[August 13, 2022] Frans de Waal is a Dutch primatologist. His findings on chimp behavior are remarkable and deserve some exposure here. And, not just because he is probably the world’s greatest living primatologist but because his work is unbelievably important. His study1 of dominant male chimps has a lesson for us humans.
Popular thinking about the dominant chimp, or alpha male, is reflected in today’s discussions about human males. Today’s pseudo-Sociological thinking goes something like this, “The biggest, ugliest, meanest male dominates by brute force.” It follows with this logic that the dominant male is now at the top of the pyramid. The claim is that those who express power most effectively (meaning the power to compel) will dominate the social hierarchy pyramid. As well, they will prevail reproductively.
People think that is how you look at the world if you are a realist and sensible. Frans de Waal has been studying chimps for 30 years, and that is not true. That is not what happens. Frequently, it turns out, a small male can become the dominant or alpha male, especially if he has the support of an influential female.
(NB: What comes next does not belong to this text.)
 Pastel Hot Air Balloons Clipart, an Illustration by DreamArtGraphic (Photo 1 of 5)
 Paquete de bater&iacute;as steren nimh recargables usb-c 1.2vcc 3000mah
The small males become the alpha not because he expresses arbitrary power but because he is unbelievably good at mutual reciprocation.
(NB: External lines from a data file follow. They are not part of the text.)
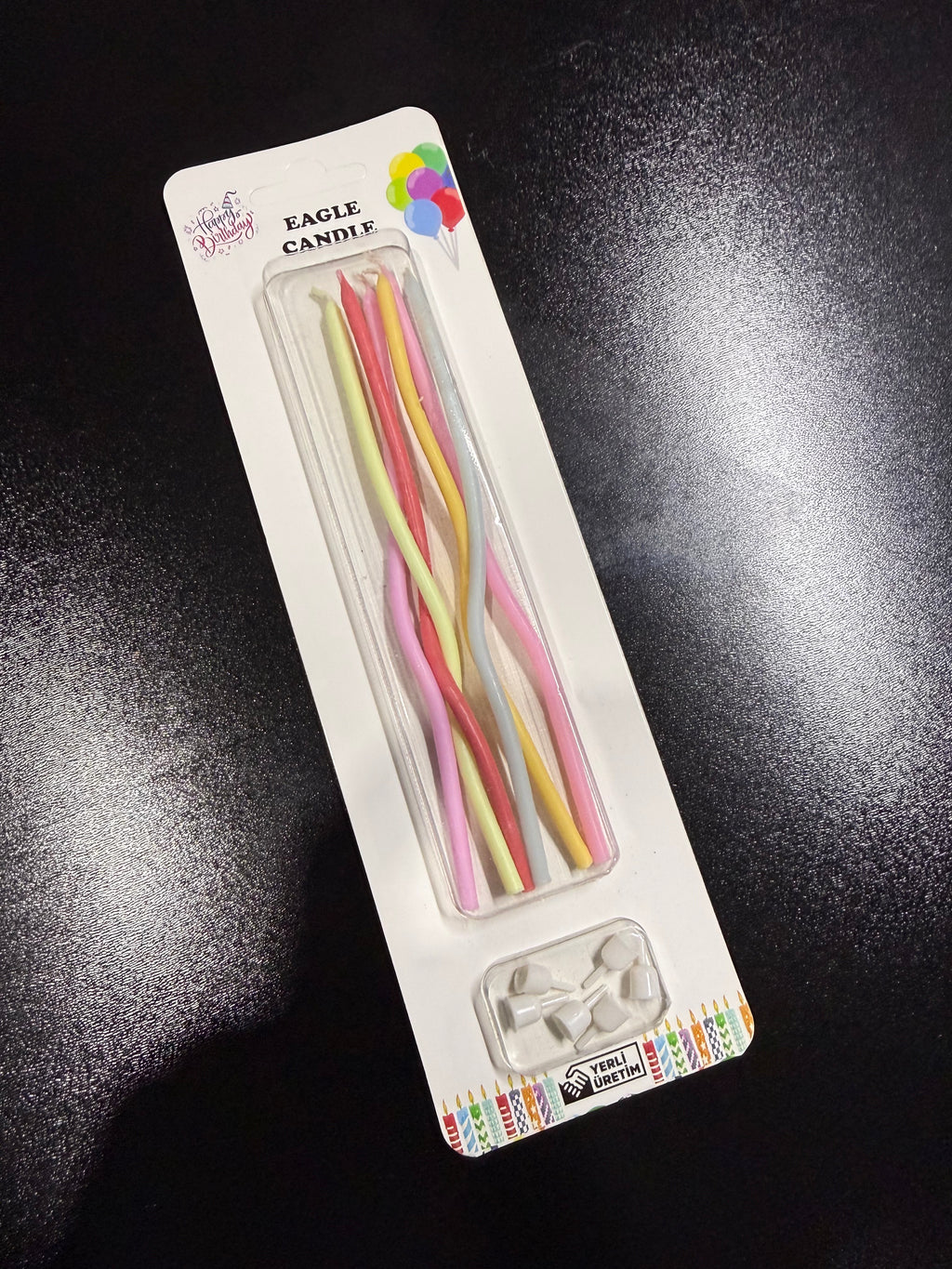 10'lu Paket, 6 lı Adet (Karışık Pastel Renkli) Pasta Kıvrık Mumu (Paket Fiyatı 30 TL)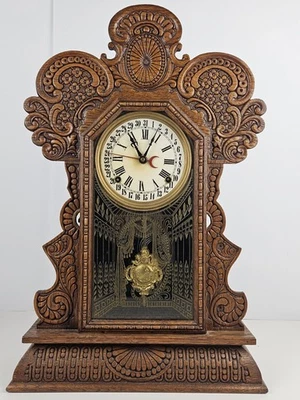 Antiguo reloj de abrigo calendario pan de jengibre roble victoriano INGRAHAM funcionando 1904 Foto 1 de 4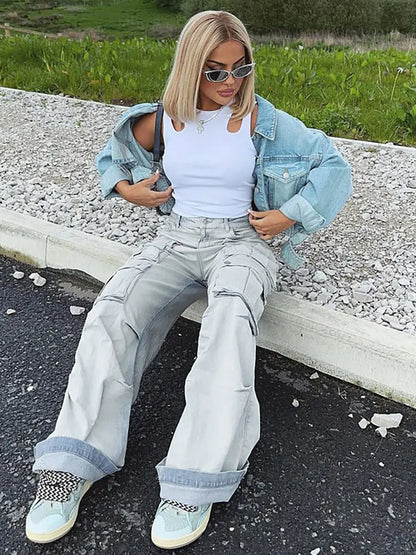 Sienna - Zipper Split Street Cargo Jeans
This dominant male then has friends; he does things for his friends and they do things for him and trust each other. He has lots of friends, which means he just might have no enemies. This turns out to be very important because the brute chimps, like the psychopath alphas, they do rule now and then, but they also get torn to shreds by their enemies. All it takes is the brute chimp to have an off day, and two chimps he stomped earlier will ally together and literally tear him into shreds.
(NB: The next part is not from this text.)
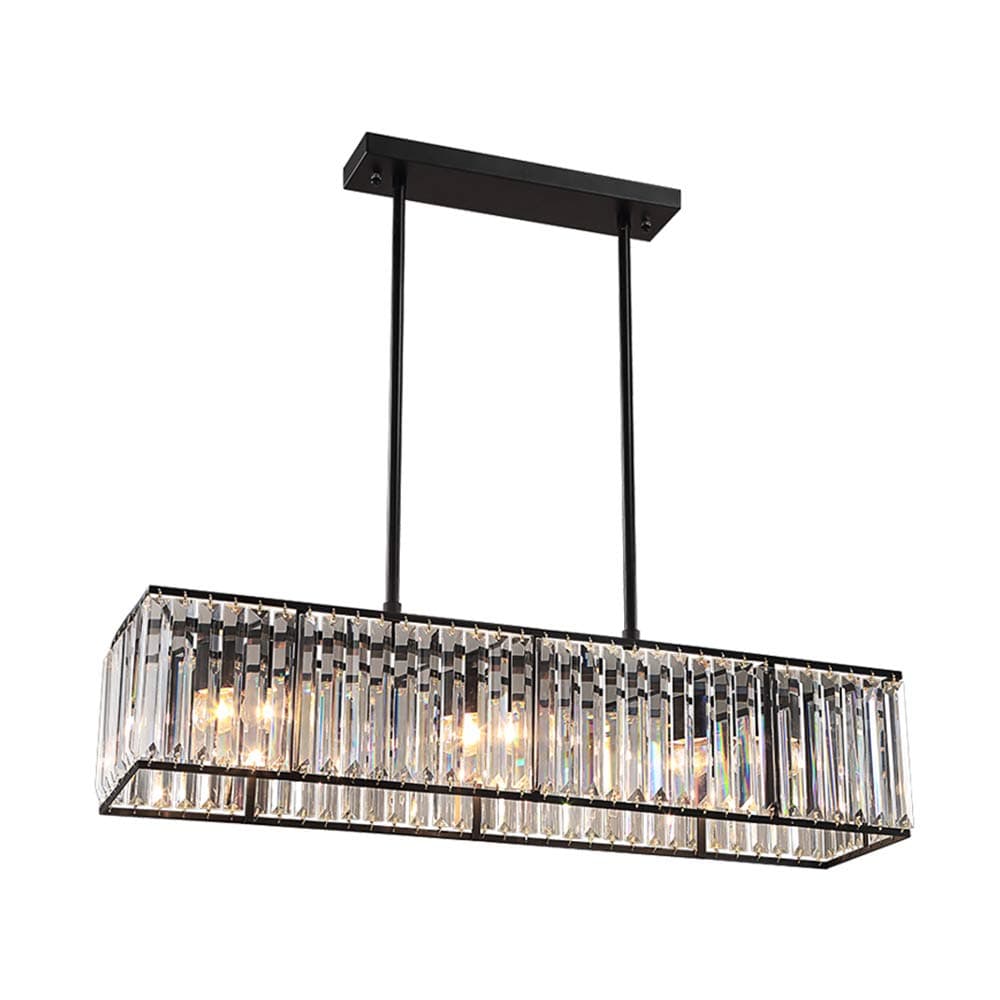 Raindrop k9 Crystal Chandelier Modern Ceiling Lights Fixtures Rectangular Crystals Pendant Island Lighting Track Lighting Bedroom Dining Room Living Room Kitchen Island(Black)
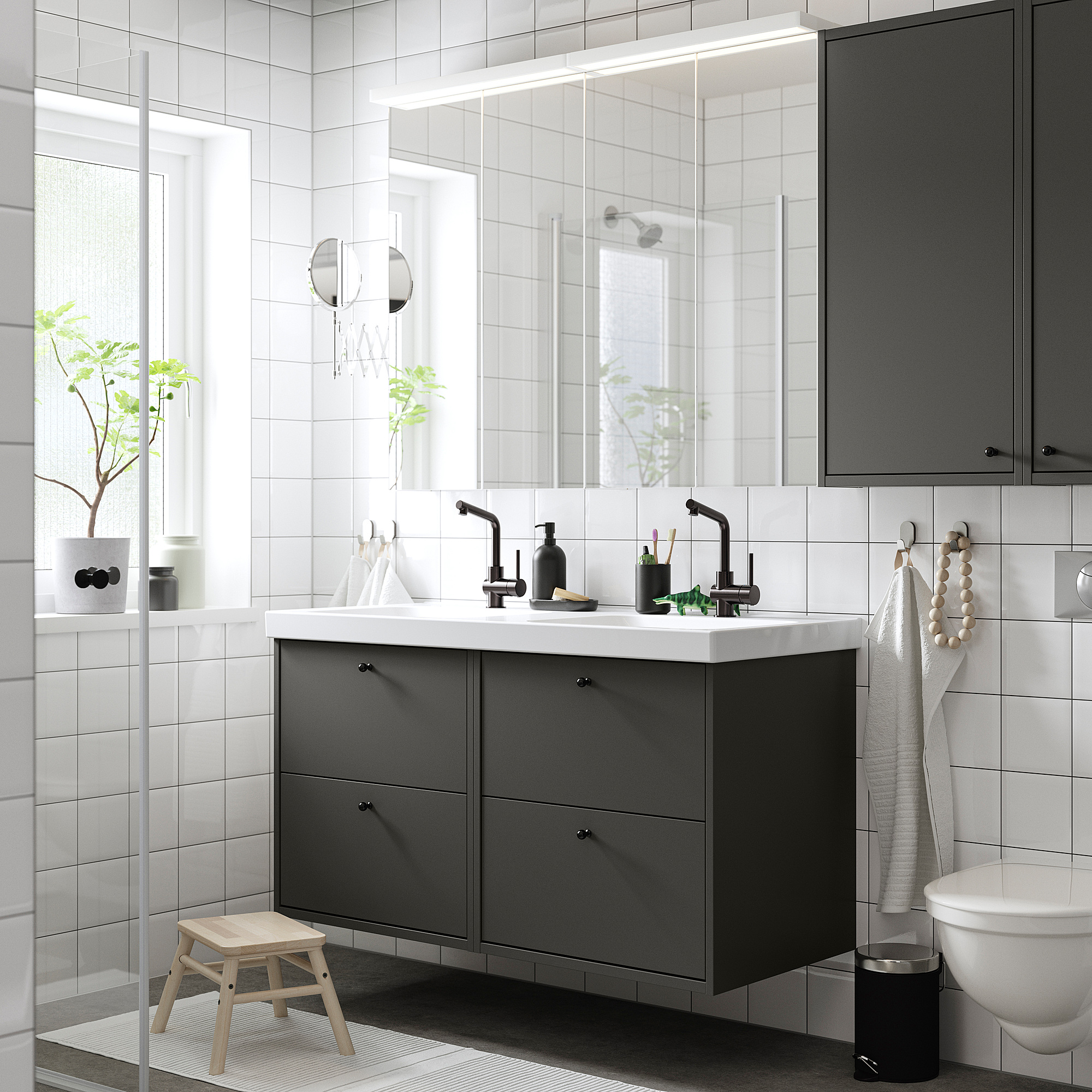 HAVBÄCK Armoire murale avec porte, gris foncé, 18x6x37 "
The psychopath chimps who use power to attain dominance have very short rules and end in a very bloody way. De Waal has pointed out, in chimps and very much like humans, that power is an unstable ethic upon which to base a social hierarchy. Remember that chimps are male-dominated, have a patriarchal society, and are relatively brutal. And brute power doesn’t even work for them. It certainly does not work for humans.
This means that those at the apex of the dominant hierarchy are not there due to the raw expression of power and exploitation. This doesn’t work for chimps or rats, or humans. From that, we can understand that the basis for any successful social organization is a necessity for mutual reciprocity. That is something like treating your neighbor like you would want to be treated.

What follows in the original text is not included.